Task details: Span requested from the data below: the line with "Appartement à vendre" through the line with "Anixis Hotel Lutrá Ipátisz Kültér fotó", both included. Give only these lines again, exactly, and leave every picture out.

Input:
/---
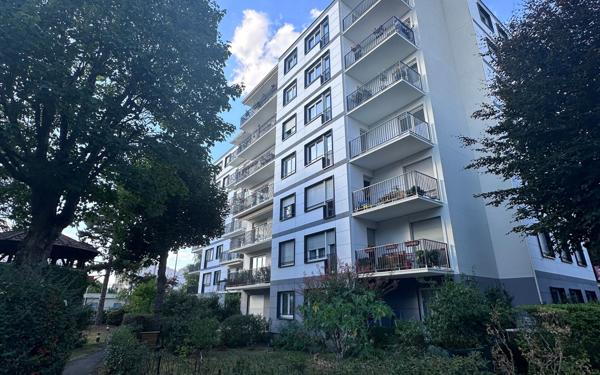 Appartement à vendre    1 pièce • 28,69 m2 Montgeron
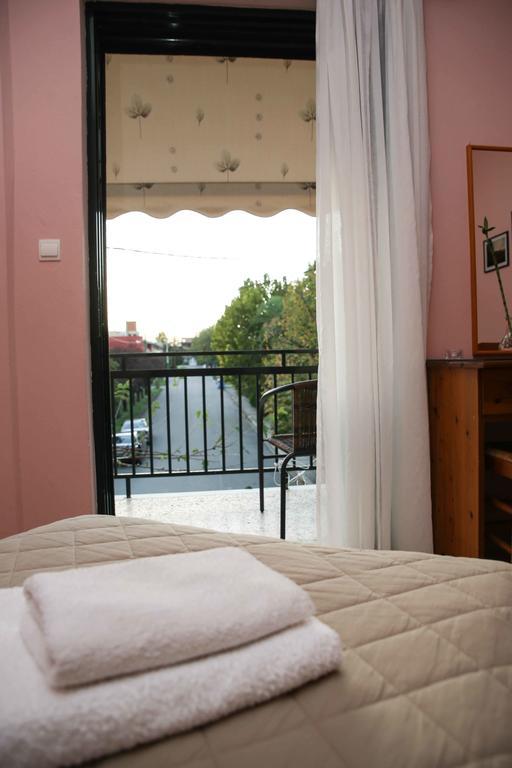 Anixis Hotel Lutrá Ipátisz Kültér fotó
\---
/---
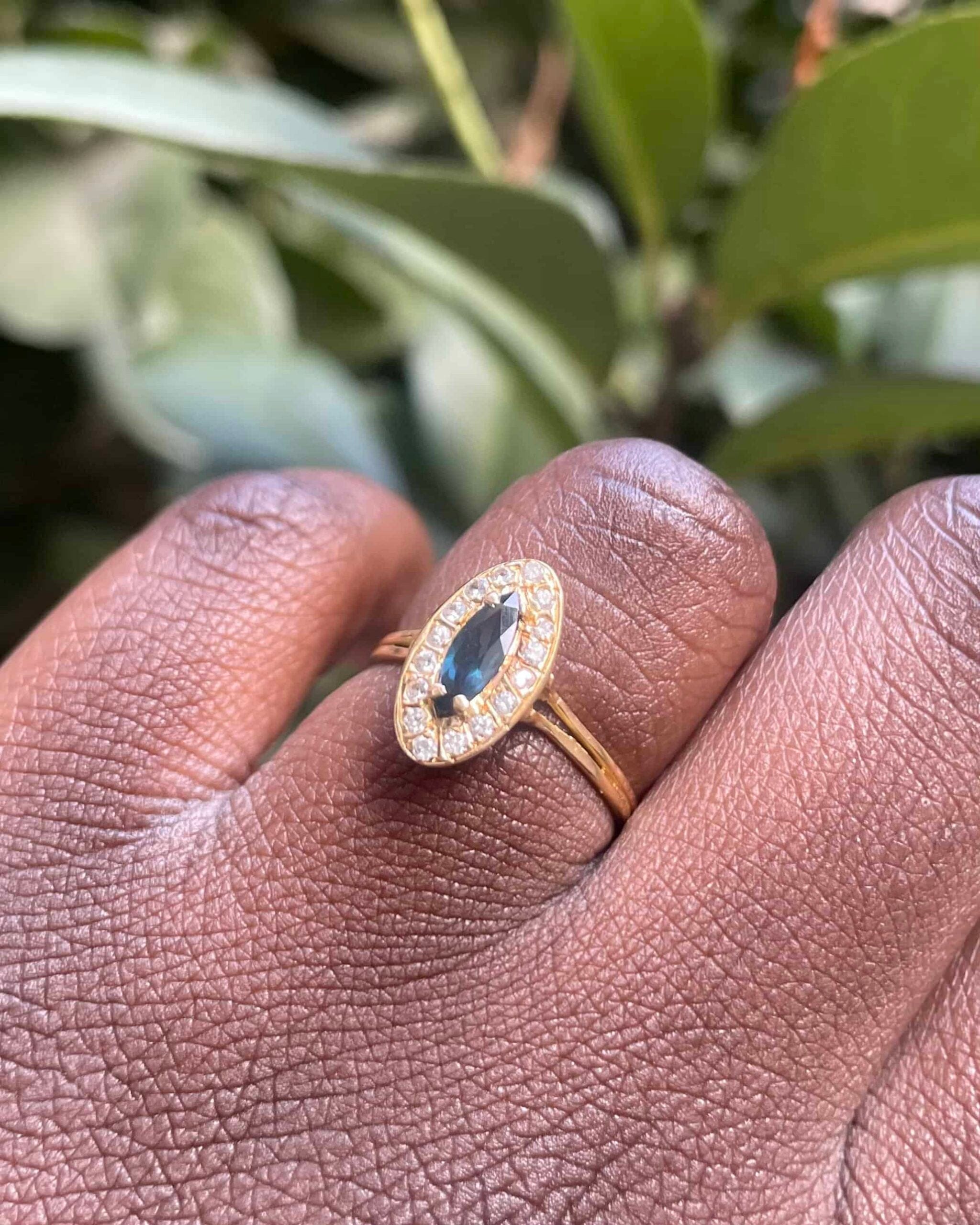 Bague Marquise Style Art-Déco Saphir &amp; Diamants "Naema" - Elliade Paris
\---
/---
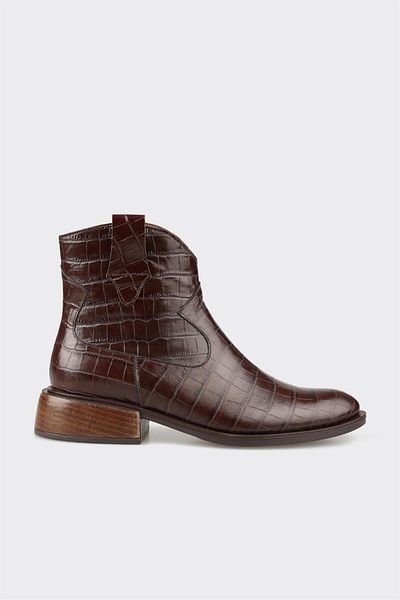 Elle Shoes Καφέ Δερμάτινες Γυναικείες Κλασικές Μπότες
\---
Task solution:
 Appartement à vendre    1 pièce • 28,69 m2 Montgeron
 Anixis Hotel Lutrá Ipátisz Kültér fotó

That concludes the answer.